De Chileense dichter Pablo Neruda (eig. Ricardo Eliecer Neftalí Reyes Basoalto) werd geboren in Parral op 12 juli 1904. Zie ook mijn blog van 12 juli 2007 en ook mijn blog van 12 juli 2008.

 

Testament (II)

 

Mijn oude boeken, verzameld

in uithoeken van de wereld, vereerd

in hun statige typografie, laat ik

na aan de nieuwe dichters van Amerika,

aan hen die op een dag

de betekenissen van morgen

zullen spinnen op het schorre, onderbroken weefgetouw.

 

Zij zullen geboren zijn wanneer de woeste vuist

van dode houthakkers en mijnwerkers

een ontelbaar leven zal gegeven hebben

om de verwrongen kathedraal te reinigen,

de dolle korrel, de vezel

die onze gretige vlakten strikte

Dat zij de hel raken, dit verleden

dat de diamanten verpletterde, en dat ze

de graanwereld verdedigen met hun lied,

geboren in de boom van het martelaarschap.

 

Over de beenderen van de stamhoofden, ver

van ons verraden erfgoed, in volle

lucht van volkeren die alleen hun weg gaan,

gaan zij het standbeeld bevolken

van een lang, zegevierend lijden.

 

Dat ze zoals ik mijn Manrique, mijn Góngora,

mijn Garcilaso, mijn Quevedo beminnen:

ze waren titanische wachters, wapentuigen

van platina en besneeuwde doorzichtigheid,

die me strengheid leerden, en dat ze in

mijn Lautréamont de oude klachten zoeken

tussen verderfelijke doodsstrijd.

Dat ze in Majakovski zien hoe de ster oprees

en hoe uit haar stralen aren ontstonden.

 

 

Vertaald door Bart Vonck

 

 

Uit: Honderd liefdessonnetten

 

VIII

 

Hadden de ogen niet de kleur van de maan,

niet die van de dag met klei, arbeid, vuur,

en hield je de lenigheid van de lucht niet vast,

was je niet een week van amber,

 

was je niet het gele moment,

waarop de herfst in de wilde wingerd klimt

en ook niet het brood dat de glanzende maan

kneedt, terwijl ze haar meel in de lucht strooit,

 

mijn liefste, ik zou niet van je houden!

Door jou te omhelzen, omhels ik het bestaan,

het zand, de tijd, de boom van de regen

 

en alles leeft om mij te laten leven:

zonder ver weg te gaan kan ik alles zien:

ik zie in jou leven al wat leeft.

 

Vertaald door Willy Spillebeen

 

 

Pablo_Neruda

Pablo Neruda (12 juli 1904 – 23 september 1973)

 

De Nederlandse dichteres en schrijfster Carla Bogaards werd geboren in Voorburg op 12 juli 1947. Zie ook mijn blog van 12 juli 2007 en ook mijn blog van 12 juli 2008.

 

Berlijn

‘Alles soll grün werden’

Keimzeit

 

Breng het ooilam naar de ram.

 

Is de stad Berlijn schuldig aan de breedte van zijn dooraderde wegen,

de hoogte van zijn gebouwen,

zijn homosexuele mannen die getrouwd en wel

in zwartleren broeken rondlopen

dodelijk verlegen onder de blikken van een buitenlandse vrouw,

herkend te worden, de gepolitoerde glans van het geïnfecteerde leer,

en de Pruisische paleisjes, de Oranjerie in Charlottenburg,

de fonteinen, mollige luchtspiegelingen, onze liefde.
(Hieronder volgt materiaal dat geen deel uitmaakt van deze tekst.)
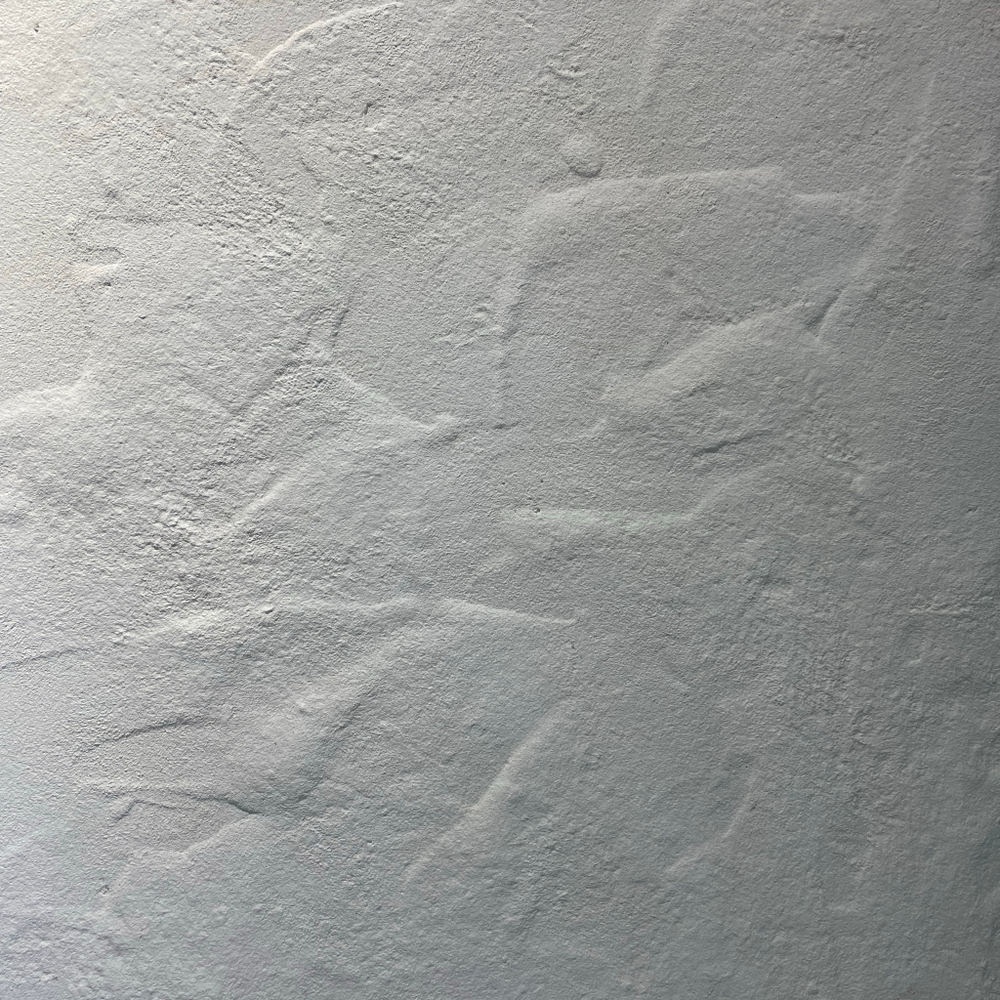 Lipin’s paint Mazanka - декоративная штукатурка мазанка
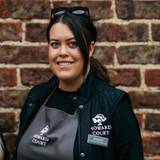 Kirsty Duce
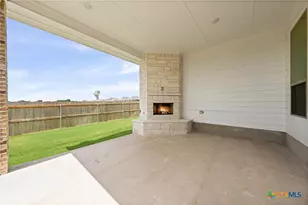 7217 Touchstone Dr, Temple, TX 76502 - Photo 30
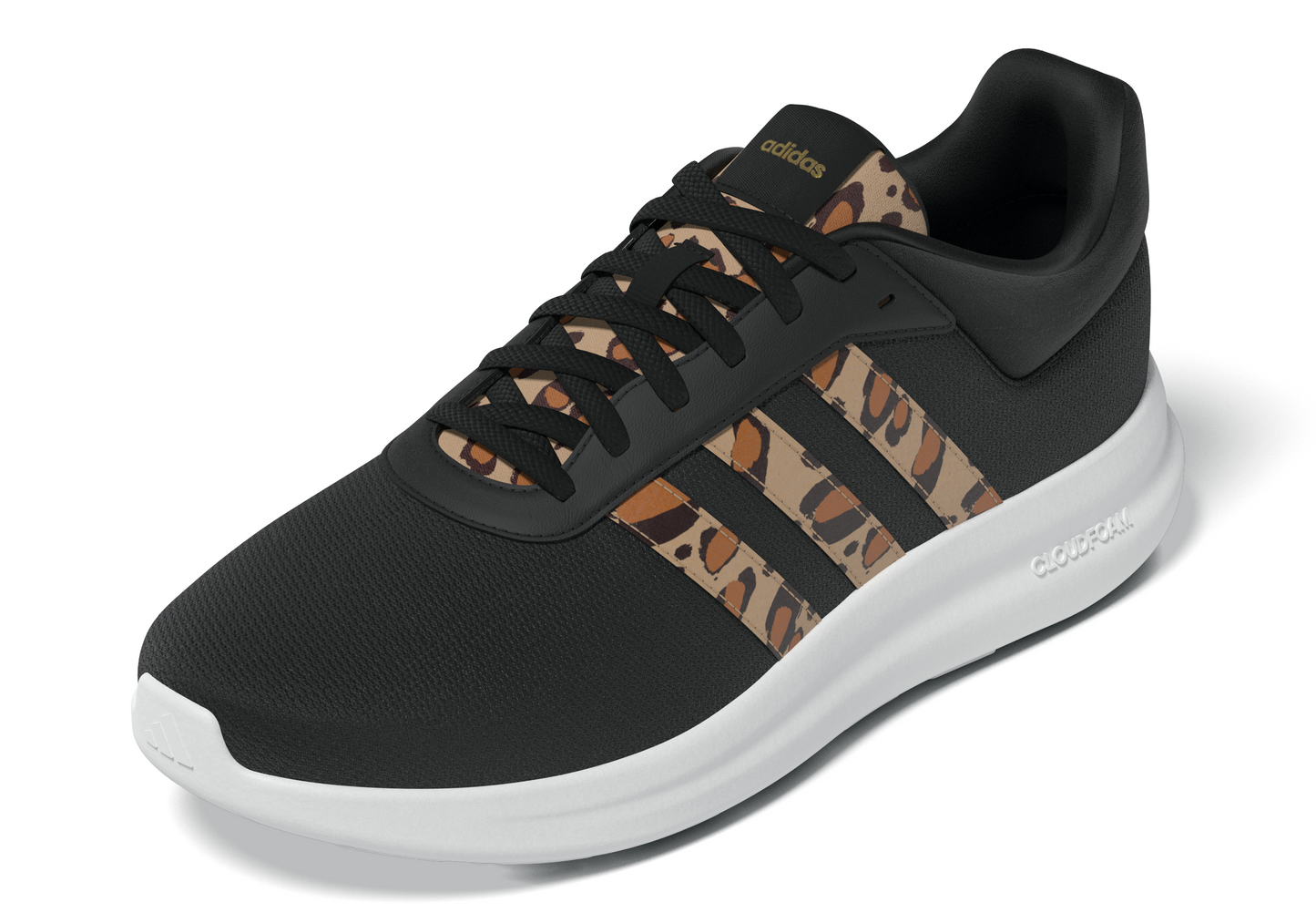 LITE RACER 4.0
Is de stad Berlijn scvhuldig aan mijn angst

jou als mijn minnaar te verliezen,

de afdruk van zwart-rottend berkeblad op je oogleden te moeten verliezen.
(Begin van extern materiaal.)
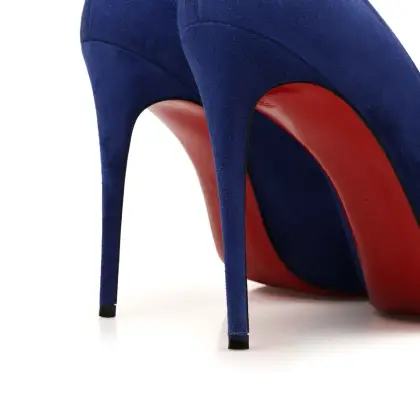 LOUBOUTIN 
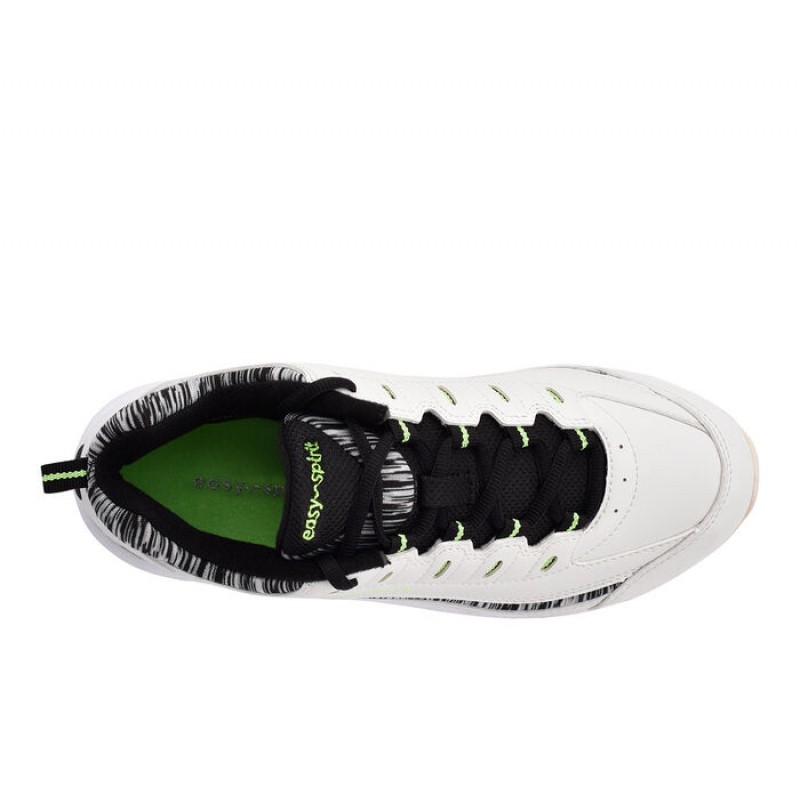 Women's Easy Spirit Romy Sneakers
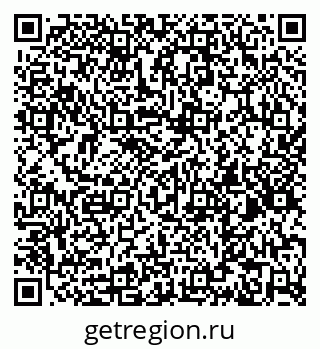 79060991621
Verzet de stad zich knarsetandend

tegen mijn aanklacht.

 

Vruchtbaar was de stad

toen je er woonde, wir uns wiedersahen,

na elke scheiding, nooit meer te loochenen,

ik werd binnengelaten door poortwachters,

wij elkaar ‘Liebchen’ noemden, huiverend lachend

in de gebombardeerde, opgebouwde stad van West.

 

Is de stad Berlijn schuldig aan zijn sentimentele rust,

o zo
kalm. De brandschone rust.

Eerst werden de ruiten ingeslagen bij het KDW

door jongeren, van links, van rechts, Duitsers,

en geparkeerde auto’s in brand gestoken, alles soll brennen,

links, rechts, Duitsers, het is geen lolletje

Berliner zu sein, de rust is weergekeerd.

 

Ongedeerd, ongeboren waren wij in 1940,

spelen we leeuwtje in de roestbruine stadsparkjes,

eigenmachtig eis ik je lichaam op,

graaien mijn handen in de mist die over Berlijn hangt,

zoek ik je, je woonde toch in Berlijn,

ik reisde toch naar je toe? Zeg stad, zeg ook eens wat,

laten we krijgsraad houden stad!

 

Ik wil mijn vloot wel sturen, maar er is geen haven.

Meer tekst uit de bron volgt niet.